On Tue, Dec 5, 2017 at 5:50 PM, Thomas Munro <thomas.munro@xxxxxxxxxxxxxxxx> wrote:
On Tue, Dec 5, 2017 at 5:43 PM, Jeff Janes <jeff.janes@xxxxxxxxx> wrote:
> On Mon, Dec 4, 2017 at 5:52 PM, John R Pierce <pierce@xxxxxxxxxxxx> wrote:
>> On 12/4/2017 2:21 PM, chris kim wrote:
>>> How would I investigate if my database is nearing a transaction wrap
>>> around.
>>
>> it would be screaming bloody murder in the log, for one.
>>
>
> Unfortunately, that comes far too late to repair the problem without a
> substantial service interruption, on very high transaction throughput
> installations.
>
> Also, people usually consult the logs to figure out what the problem is,
> once they become aware that one exists. That is also too late.
The problem is that our logic (1) focuses on when we should *start*
freezing, not by when we'd like to be finished, and (2) is defined in
such a way that many tables are likely to reach the trigger point at
the same time.
Isn't this only the case when you have many insert only-tables? Other tables are going to be vacuumed for wrap around at the first time they are vacuumed (for other reasons) after reaching vacuum_freeze_table_age - vacuum_freeze_min_age. That should be pretty well staggered because they probably have different update and delete rates. But, having those tables locked for an emergency vacuum which is not really an emergency is certainly a pain.
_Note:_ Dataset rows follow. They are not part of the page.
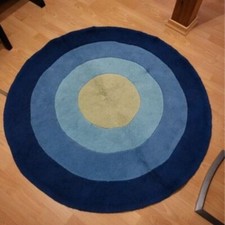 Teppich rund 130cm Kinderzimmer Jugendzimmer 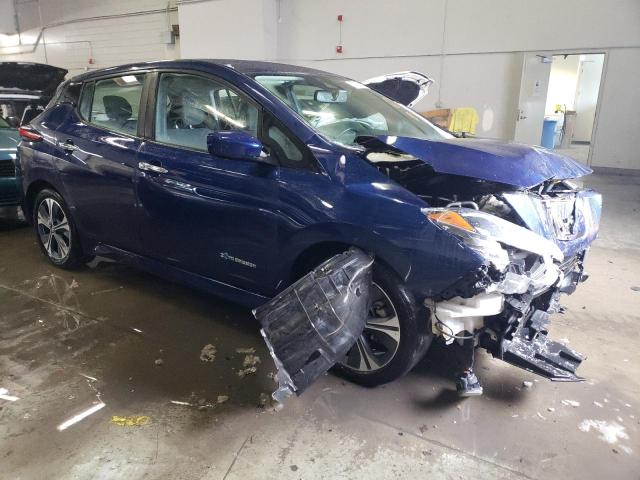 1N4AZ1CP9KC302466 - 2019 NISSAN LEAF S BLUE photo 4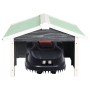 Gray and white fir wood robotic lawnmower shed by vidaXL, Lawn Mower Covers - Ref: Foro24-170879, Price: 125,25 €, Discount: %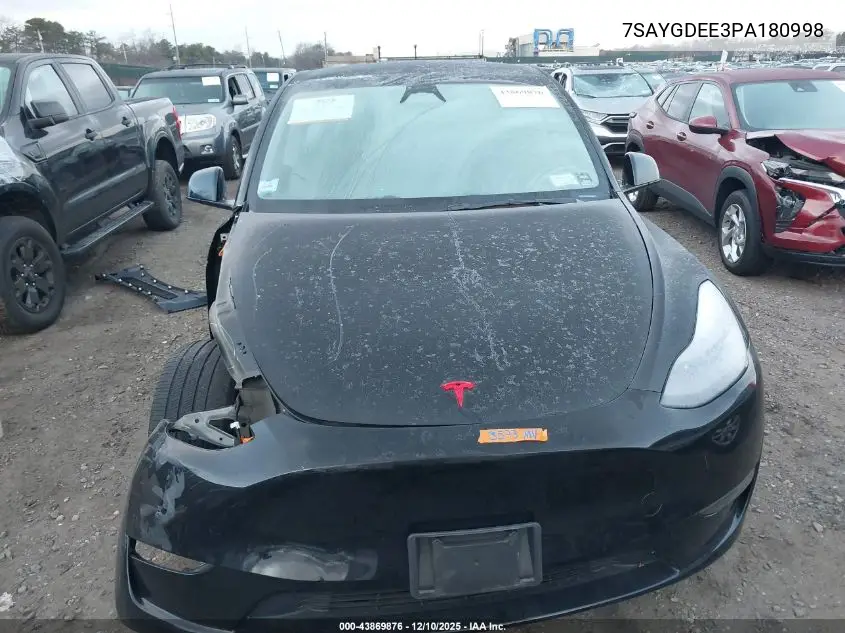7SAYGDEE3PA180998 2023 Tesla Model Y Awd/Long Range Dual Motor All-Wheel Drive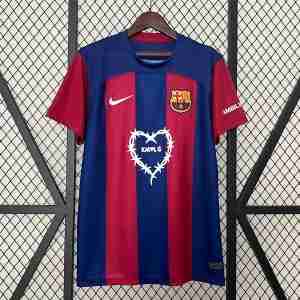 Thailandia Maglietta Calcio FC Barcellona Speciale 2024 2025 Ⅰ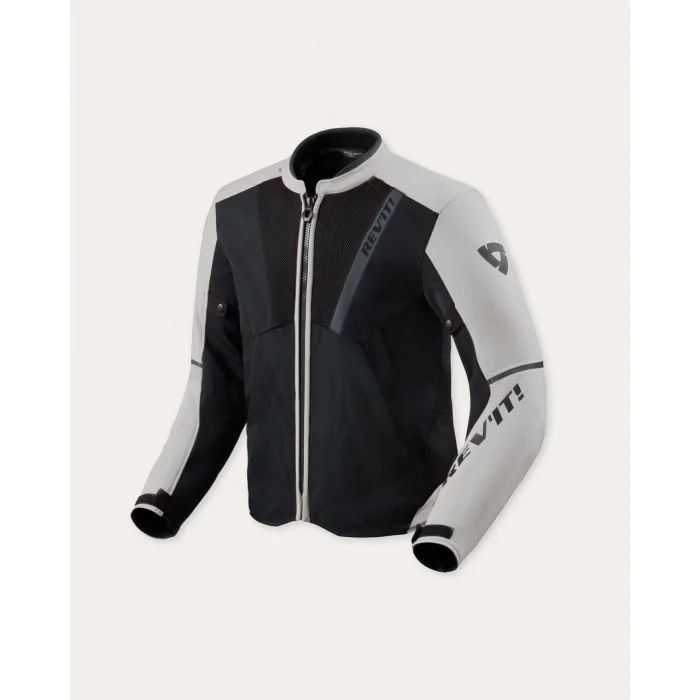 REV'IT GT-R 4 Air letnia tekstylna kurtka motocyklowa czarno szara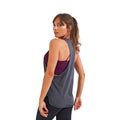 Charcoal - Back - TriDri Womens-Ladies Organic Tank Top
Even if your system can handle the load, you might not
like the disruption to regular vacuuming and analyze work.
An ideal system would estimate how long it's going to take and how
long we've got (current tx consumption rate, xids remaining) before
autovacuum_freeze_max_age is reached and then spread the work out so
that we get it done just in time with minimal impact. Getting
reliable estimates to control that seems hard though.
I think an ideal system wouldn't even have a autovacuum_freeze_max_age setting at all. What good does it do? According to the docs, its function is to limit the size of the clog files, not it to save your database from emergency shutdown.
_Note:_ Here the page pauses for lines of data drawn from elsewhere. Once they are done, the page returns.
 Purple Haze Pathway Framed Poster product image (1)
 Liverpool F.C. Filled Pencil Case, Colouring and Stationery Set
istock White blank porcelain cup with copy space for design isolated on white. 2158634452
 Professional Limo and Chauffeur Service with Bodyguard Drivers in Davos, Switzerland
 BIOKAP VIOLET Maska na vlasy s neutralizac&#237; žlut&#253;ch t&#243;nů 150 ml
Other more general problem which I think this brings up is:
A way to separate the log file stream into things that need immediate attention, versus things you want to have available in case you ever go looking for them. You could probably have some process monitor the log file and pull things it thinks need attention and send an email or SMS, but that is an ugly way to do it.
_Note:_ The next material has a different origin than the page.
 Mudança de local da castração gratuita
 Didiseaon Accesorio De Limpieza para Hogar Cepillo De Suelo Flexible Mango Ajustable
Also, why do we only start issuing warnings 10 million before wrap-around shutdown happens? On a very busy server, this is not enough warning. On a not-very-business server, why would it matter as you will never get anywhere near this point? Seems like we could increase this to 200 million with no down-side. (Maybe the first 190e6 of those would only warn once every 1024 transaction rather every 64).
Perhaps we could add a much simpler first defence that tries to
prevent autovacuum_freeze_max_age (and its multixact cousin) from
being reached like this: consider launching at most one wraparound
vacuum for any relation that is *half way* to
autovacuum_freeze_max_age. That gives the system a chance to handle
each partition of a monster partitioned table calmly in series even if
they have the same age dating back to schema creation/data load time.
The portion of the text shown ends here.